La promesa de tales garantías llega en un momento en que las aseguradoras están cancelando la cobertura de riesgos bélicos para los buques que atraviesan el Estrecho de Hormuz. Esto es una buena noticia, pero claramente no sucederá de inmediato. Las escoltas navales serían útiles, pero nuevamente, esto tomará tiempo. Las escoltas navales serían vulnerables a los ataques iraníes. Por lo tanto, EE. UU. podría optar por esperar antes de escoltar los buques, hasta que evalúe que la capacidad de ataque de Irán ha sido degradada. Además, China pide que el flujo de envíos de energía a través del Estrecho de Hormuz no se interrumpa. Con el régimen iraní luchando por su supervivencia, podría optar por ignorar las llamadas de China.

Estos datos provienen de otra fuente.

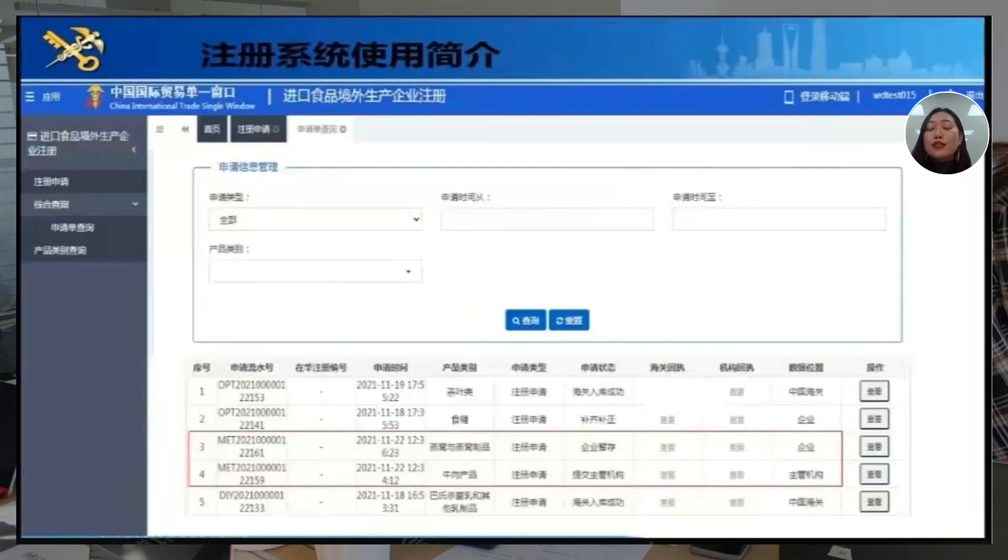That's the registration process using nuts and seeds as an example. You just need to know which product scope you belong to — then you can follow similar steps, with slight differences depending on what products you are producing. Remember, if you are going to be recommended by your competent authority, you need to ask for a login number from them. If your product doesn't belong to the 18 types, then you can entrust an agency to help you go directly on the single window system.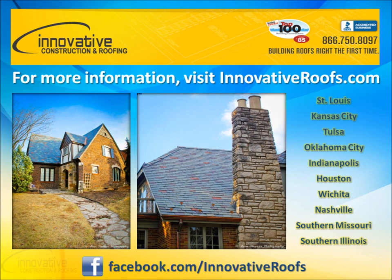Call us at 866-750-8097 or visit us online at InnovativeRoofs.com. We pride ourselves on building roofs right the first time. Innovative Construction and Roofing has offices in St. Louis, Kansas City, Tulsa, Oklahoma City, Indianapolis, Houston, and Nashville. We also service Southern Missouri and Southern Illinois. Please also feel free to connect with us online at Facebook.com/InnovativeRoofs.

La interrupción en los flujos de petróleo a través del Estrecho comienza a afectar los flujos más upstream. Hay informes de que Irak ha comenzado a cerrar la producción en el campo Rumaila, el más grande del país, y en West Qurna 2, con 1.2 millones de b/d fuera de línea. El riesgo de nuevas reducciones en los próximos días sigue presente. La capacidad limitada es el problema para Irak, con los tanques de almacenamiento llenándose y la falta de buques disponibles en el Golfo Pérsico. Obviamente, cuanto más duren las interrupciones, más producción upstream se cerrará en la región. Esto resalta un problema clave respecto a la capacidad de producción ociosa de la OPEP, que se encuentra principalmente en el Golfo Pérsico. Por lo tanto, no ayuda mucho al mercado en medio de las interrupciones del Estrecho de Hormuz. Claramente, un aumento en la producción de la OPEP ayudaría a reconstruir inventarios una vez que los flujos de petróleo se reanuden.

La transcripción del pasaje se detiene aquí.